13. Vice-Versa. Relações interculturais na prática
Coordenação: Magali dos Santos Moura

No âmbito do projeto Vice-versa pretende-se realizar, de maneira pioneira no Instituto de Letras, um trabalho conjunto entre universidades do Brasil e da Alemanha com o propósito de promover o diálogo intercultural.

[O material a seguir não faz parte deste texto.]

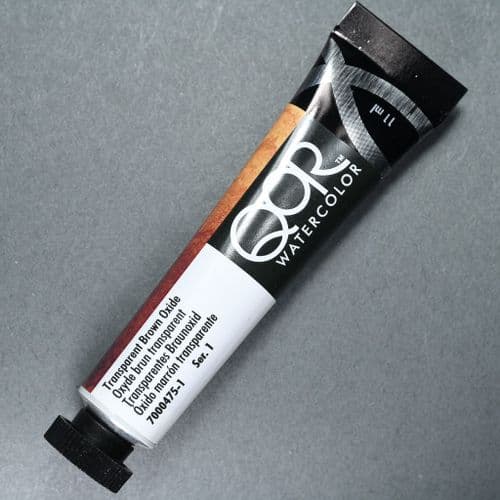 QoR: 475 Transparent Brown Oxide Watercolour, 11ml
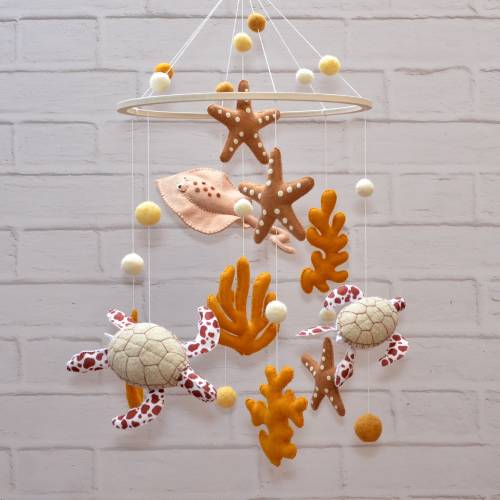 Crib Mobile. Baby Mobile. Ocean Mobile. Nursery Mobile. Ocean Nursery Decor. Baby Shower Gift. Surf Nursery Decor. Hanging Baby Mobile.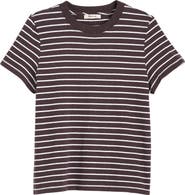 Madewell Stripe Relaxed Cotton Jersey T-Shirt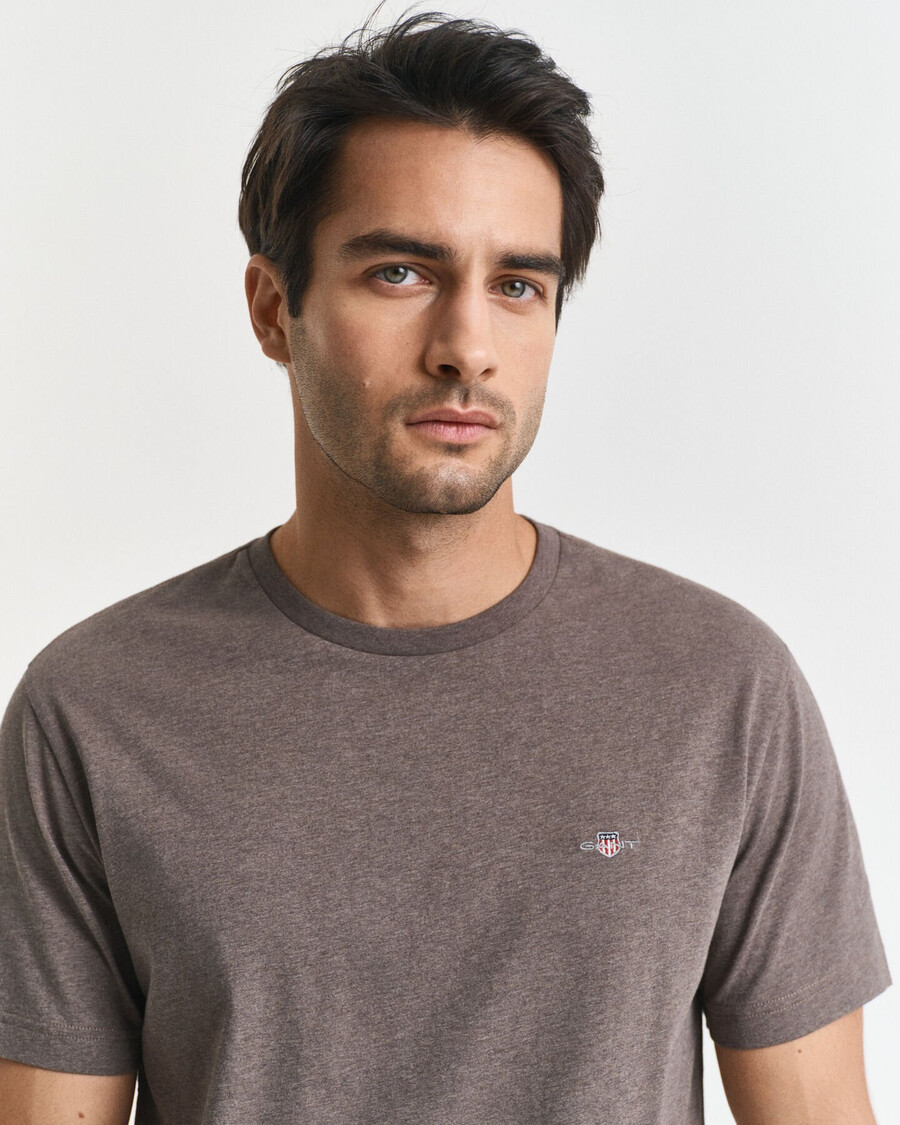 t-shirt con stampa scudo vestibilità regolare - seawood melange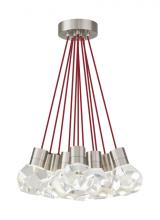 Visual Comfort & Co. Modern Collection 700TDKIRAP11RS-LEDWD - Modern Kira dimmable LED Ceiling Pendant Light in a Satin Nickel/Silver Colored finish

Em conformidade com os projetos de cooperação internacional firmados entre o Instituto de Letras da UERJ e os Institutos de Romanística e de Alemão como Língua estrangeira e de estudos interculturais da Friedrich Schiller Universität – Jena, realizar-se-ão atividades com vistas ao incremento de estudos e ações que propiciem o diálogo entre as culturas brasileira e de expressão alemã para que se fomente a formação de um profissional capaz de criar espaços híbridos de troca de conhecimentos, onde a língua alvo, no caso a alemã, esteja permanentemente confrontada com o substrato cultural daquele que a aprende, formando-se um professor com a consciência de que o momento de ensino de uma língua não é de negação de sua cultura, mas de promoção enriquecedora do confronto e diálogo, contribuindo para a formação da cidadania enquanto ser mundo. O projeto visa a seleção de conteúdo, sua consequente tradução e/ou didatização em aulas de alemão como língua estrangeira, assim como a realização de workshops, palestras e atividades afins no sentido de neles propiciar a divulgação de textos seminais de ambas as culturas com o propósito de promover o diálogo intercultural através do exercício prático da tradução e da reflexão do papel de habilidades interculturais no ensino de língua. A isso soma-se o fomento de atividades transdisciplinares, congregando estudos culturais, antropológicos, históricos, sociológicos, lexicográficos, linguísticos e literários. Uma segunda vertente do projeto se destinará à promoção de estudos lexicográficos, entendendo o léxico de uma língua como marcador cultural. Através desses estudos voltados para a prática tradutória, procurar-se-á entender a dinamicidade das estruturas sociais e culturais das línguas em questão.